→ **INPUT DATA**:
>>>
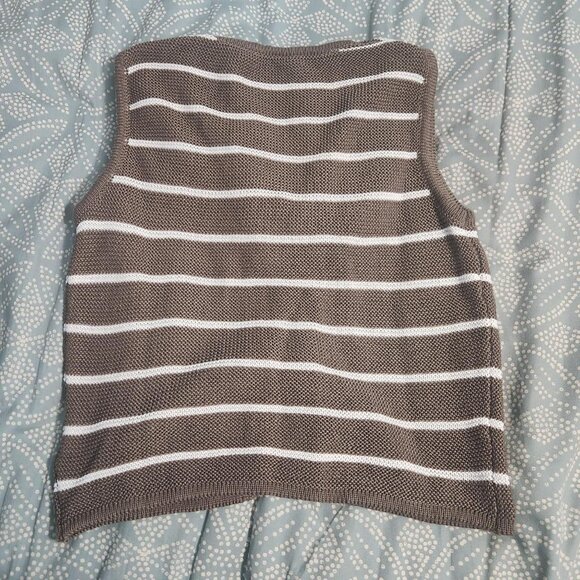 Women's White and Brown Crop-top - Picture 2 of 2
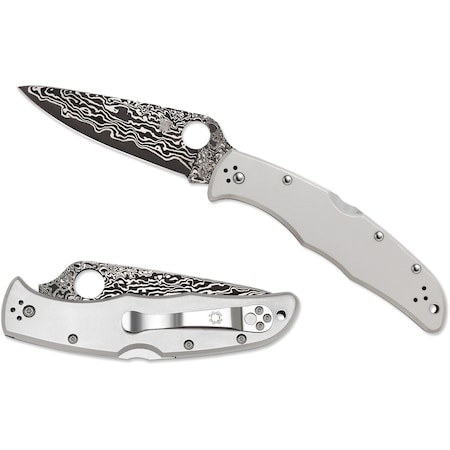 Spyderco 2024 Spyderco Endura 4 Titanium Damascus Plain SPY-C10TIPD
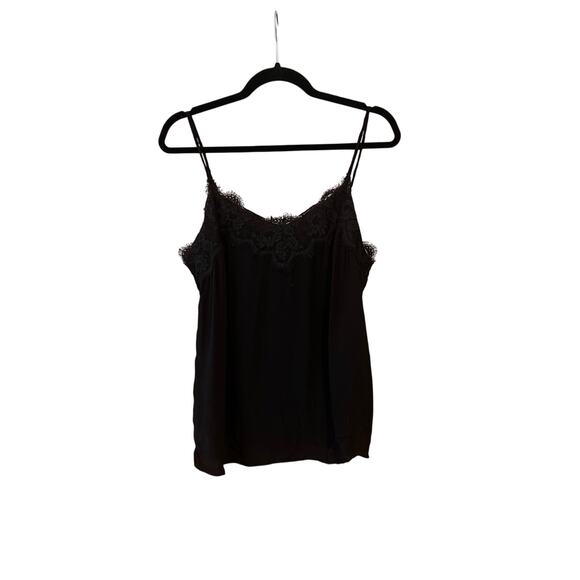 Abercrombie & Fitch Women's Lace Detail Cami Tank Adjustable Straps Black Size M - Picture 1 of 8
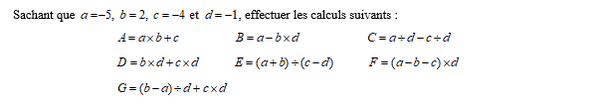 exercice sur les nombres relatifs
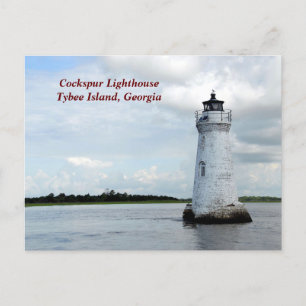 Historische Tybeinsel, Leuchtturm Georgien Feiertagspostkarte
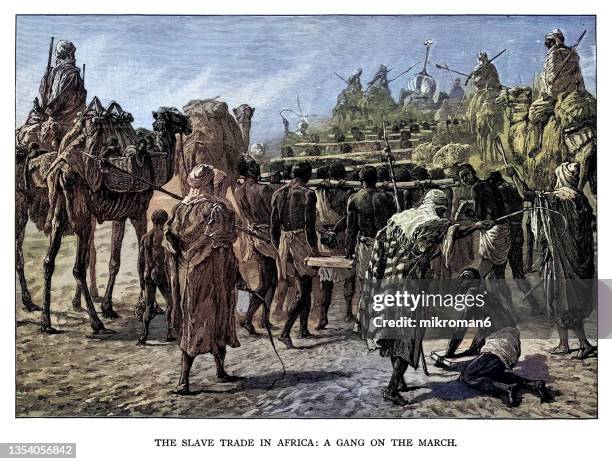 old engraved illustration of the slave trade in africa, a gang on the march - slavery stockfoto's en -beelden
<<<
>>>
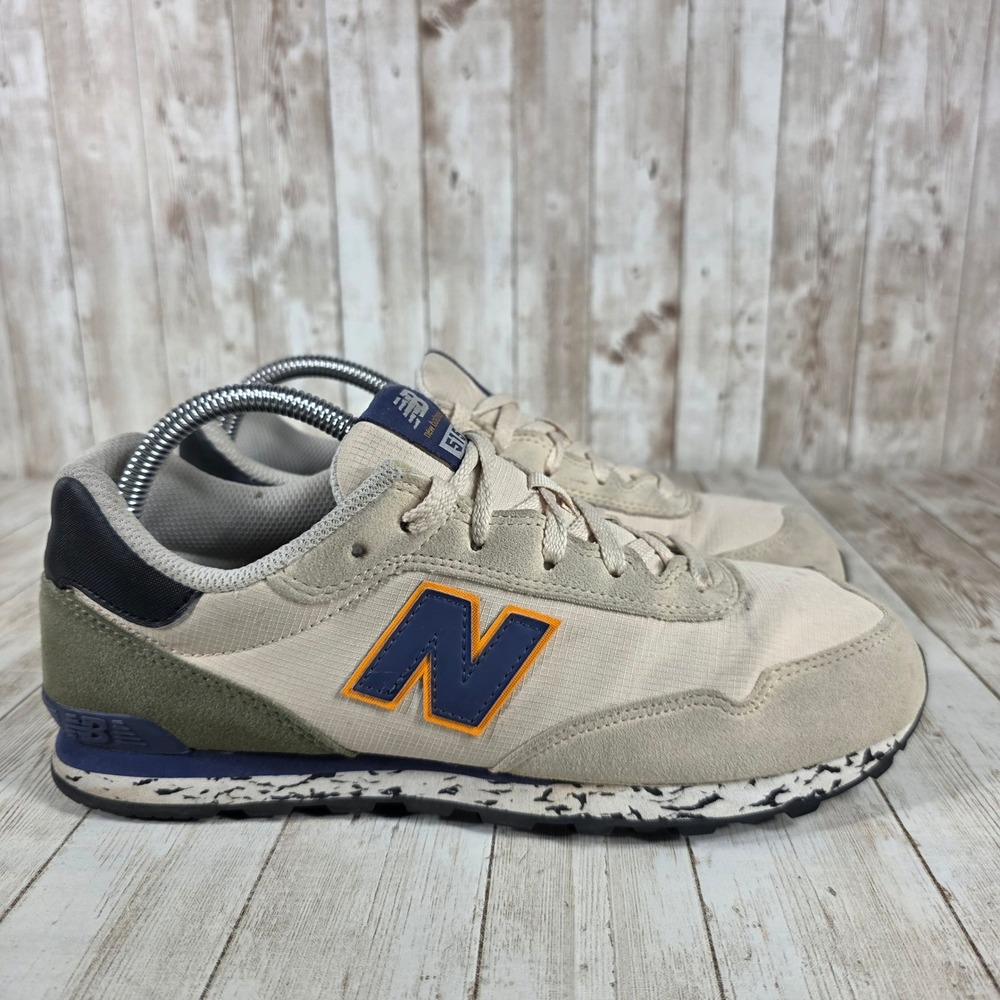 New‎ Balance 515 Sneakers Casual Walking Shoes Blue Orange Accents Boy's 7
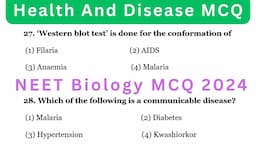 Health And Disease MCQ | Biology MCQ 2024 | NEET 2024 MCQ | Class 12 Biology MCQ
<<<
>>>
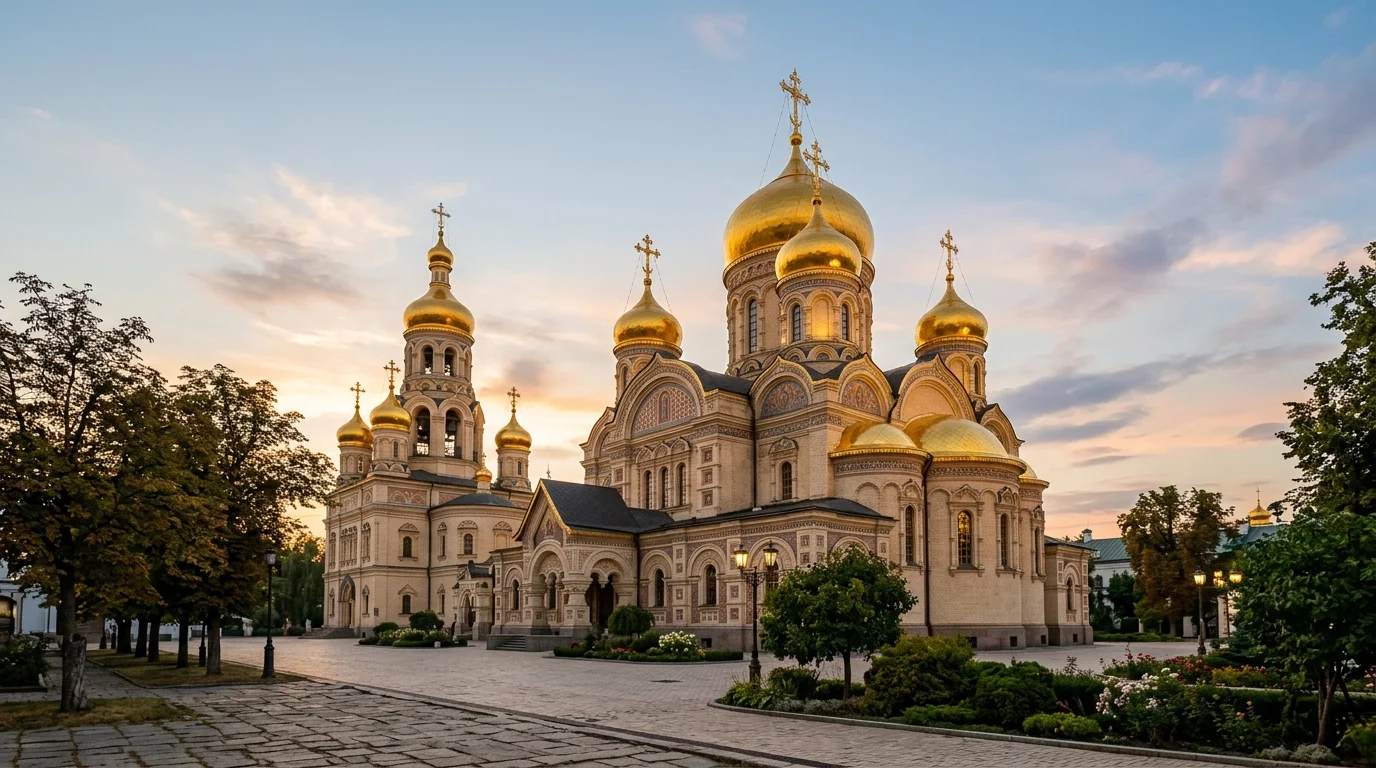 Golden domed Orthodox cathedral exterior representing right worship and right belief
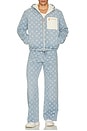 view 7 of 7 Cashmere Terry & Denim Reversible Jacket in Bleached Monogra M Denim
<<<
→ **EXERCISE DIRECTIONS**: With pictures excluded, reproduce exactly the lines above from the one containing "Historische Tybeinsel, Leuchtturm" down to the one containing "old engraved illustration", those two included.

→ **ANSWER TO THE EXERCISE**:
 Historische Tybeinsel, Leuchtturm Georgien Feiertagspostkarte
 old engraved illustration of the slave trade in africa, a gang on the march - slavery stockfoto's en -beelden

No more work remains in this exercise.